The argument of this Sutta may be shortly stated thus. The means by which freedom from barrenness and bondage of heart can be reached are zeal and determined effort. But that zeal will be crippled in its struggle against barrenness by want of confidence in the teacher, his doctrine, his order, or his system of self-culture, and by want of concord with the brethren. And that zeal will be crippled in its struggle against bondage by sensuality, by sloth, or by a craving after a future life in any of its various forms. If the disciple be strenuously diligent in the struggle against these things he need not fear or doubt, he will never fail, but will assuredly reach even to the supreme security of Arahatship.
When I first read this Sutta I was irresistibly reminded of that passage in the New Testament where the exhortation to the disciple, ‘giving all diligence’ to add to his faith [ p. 222 ] virtue, knowledge, temperance, patience, godliness, and brotherly kindness, is followed by the figure that these things will make him to be ‘neither barren nor unfruitful;’ and closes with the promise that if be do these things, giving diligence to make his calling and election sure, he shall never fall, but shall enter into that everlasting kingdom which is the supreme goal of the Christian life.
The analogy is sufficiently close to throw considerable light upon our Sutta, but it touches only the barrenness. The bondage is specially Buddhistic, and is allied with the doctrine of the Sanyoganas, or fetters, which the pilgrim along the Noble Path has to break before he can reach the full fruit of Arahatship. It should be compared also with the fivefold bond mentioned in the Tevigga Sutta, Chap. I, §§ 26-28, the word there used being bandhanam, as against vinibandhanam here, and the fivefold bond being a fivefold division of our first bondage.
The ten fetters are—
1. The delusion of self (sakkâya-ditthi).
2. Doubt (vikikikkhâ).
3. Reliance on the efficacy of rites and ceremonies (sîlabbata-parâmâsa).
4. The bodily lusts or passions (kâma).
5. Hatred, ill-feeling (patigha).
6. Desire for a future life in the worlds of form (rûparâga).

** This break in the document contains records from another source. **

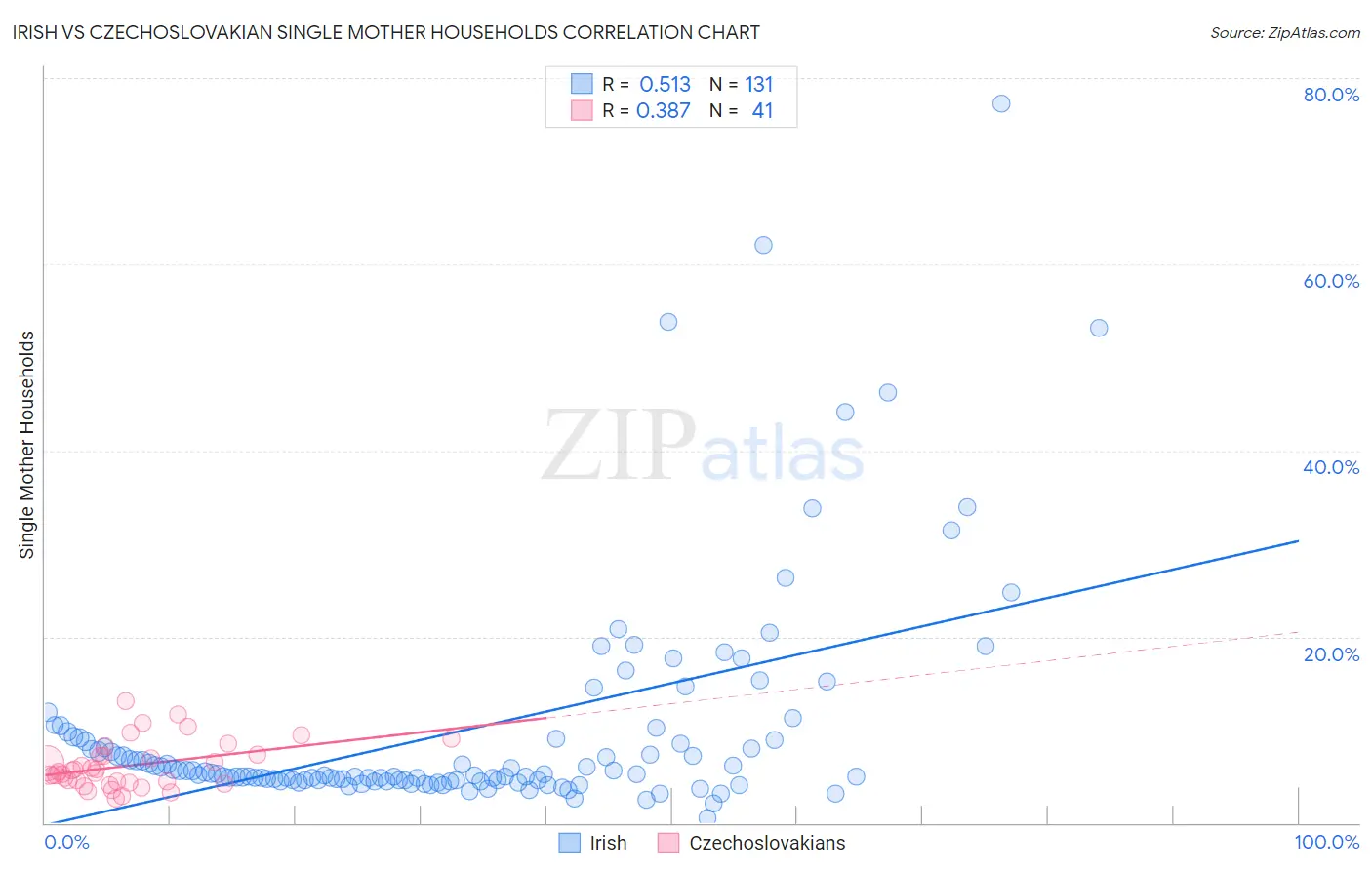 Irish vs Czechoslovakian Single Mother Households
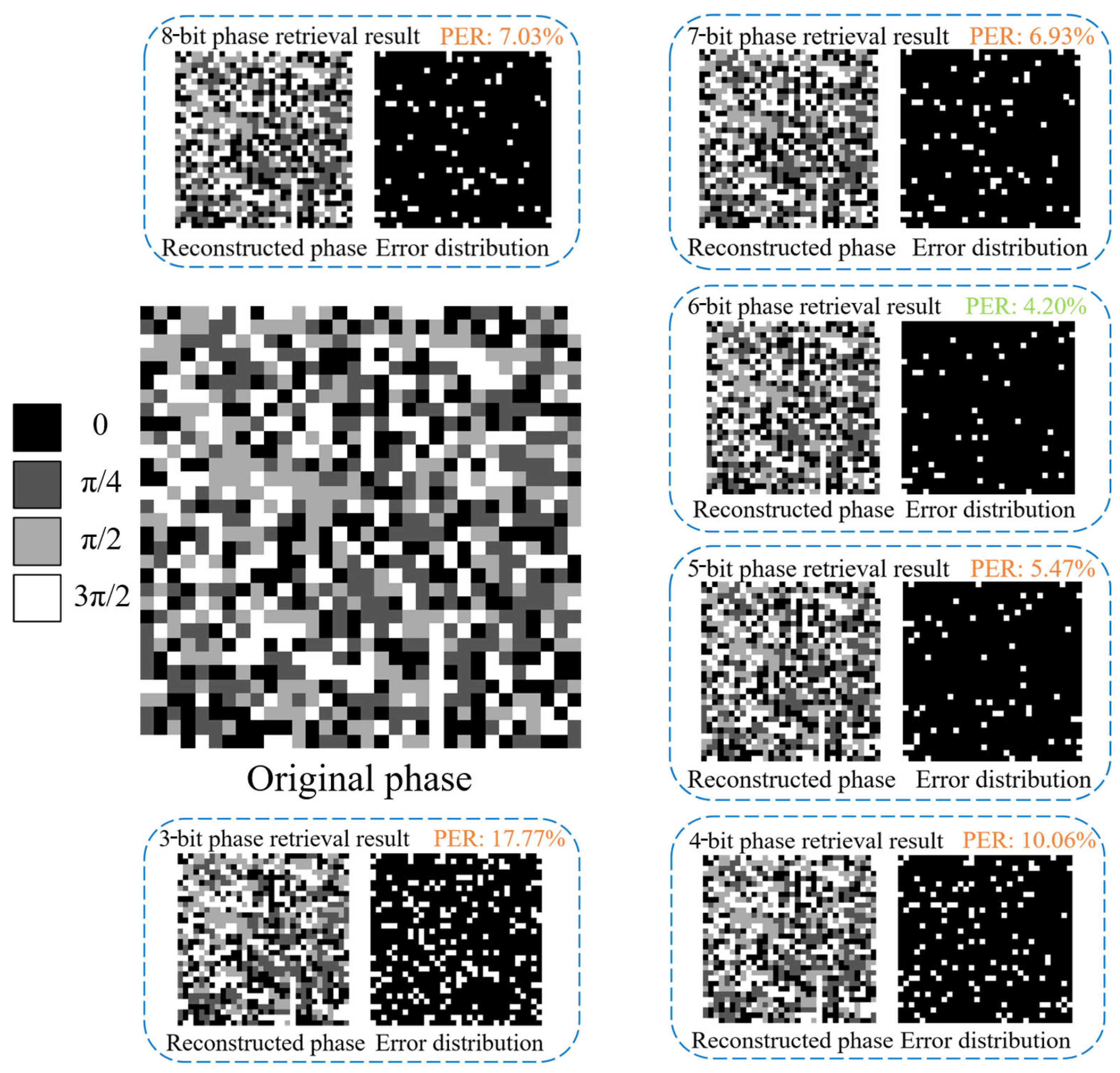 Photonics 11 00680 g008 Photonics 11 00680 g008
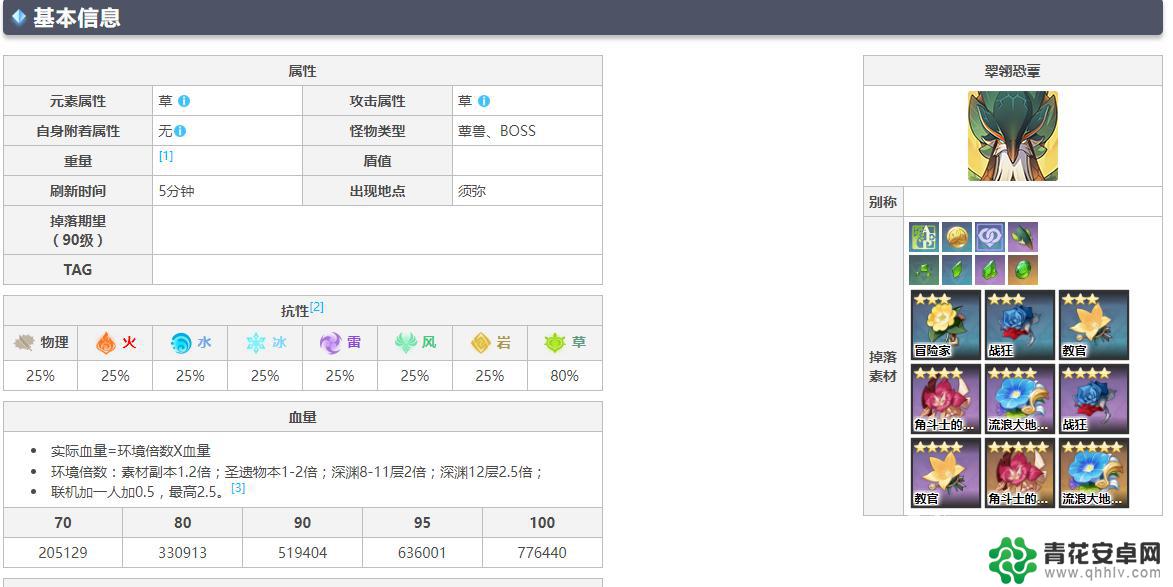 原神鸡哥多少血 原神3.0版本鸡哥boss血量多少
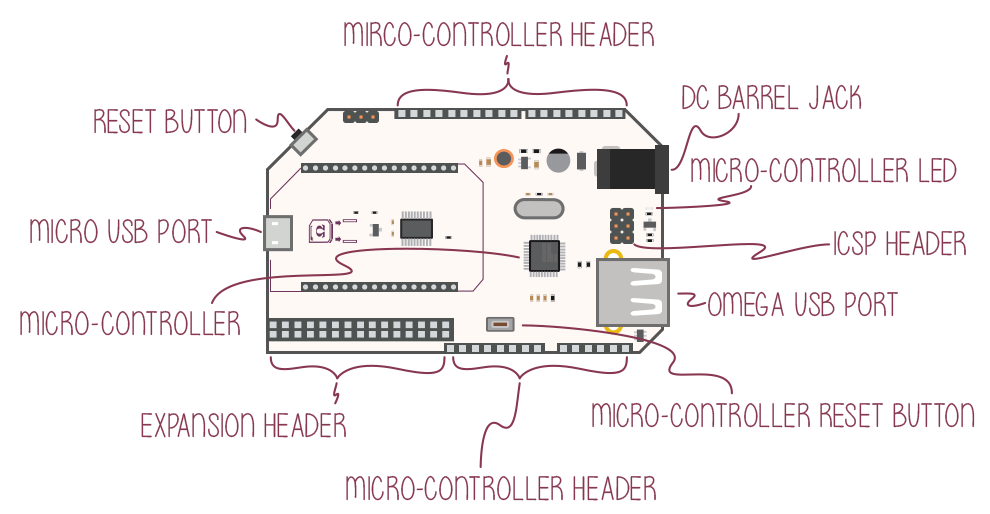 Arduino Dock R2 for Omega2 and Omega2 Plus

7. Desire for a future life in the formless worlds (arûparâga).
8. Pride (mâno).
9. Self-righteousness (uddhakka).
10. Ignorance (aviggâ).
Here the 4th fetter is correlative to our first bondage; the 6th fetter to our 2nd and 3rd bondage; and part of the 3rd fetter to our 5th bondage.
The 2nd, 3rd, and 5th bondage are in fact but a new way of stating the fundamental Buddhist doctrine that good must be pursued without any ulterior motive; and that that man is not spiritually free in whom there is still the least hankering after any future life beyond the grave.